Problem: Take the data below and extract the lines from the one with "Sneakers Unisex &#8211; Maat 26" to the one with "From Manual To", inclusive, exactly as written.

Source data:
┄┄┄┄┄┄┄┄┄┄

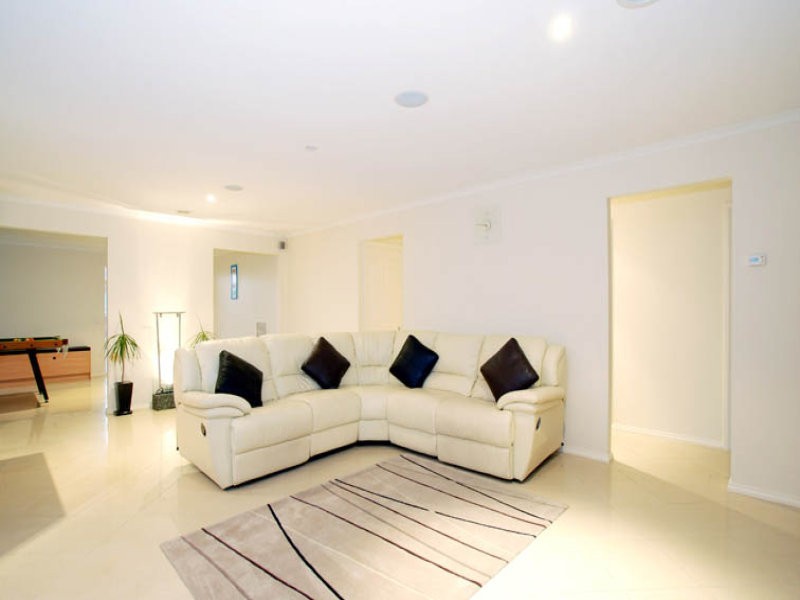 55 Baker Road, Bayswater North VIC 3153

┄┄┄┄┄┄┄┄┄┄

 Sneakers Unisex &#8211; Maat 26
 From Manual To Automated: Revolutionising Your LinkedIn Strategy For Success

┄┄┄┄┄┄┄┄┄┄

Written answer:
 Sneakers Unisex &#8211; Maat 26
 From Manual To Automated: Revolutionising Your LinkedIn Strategy For Success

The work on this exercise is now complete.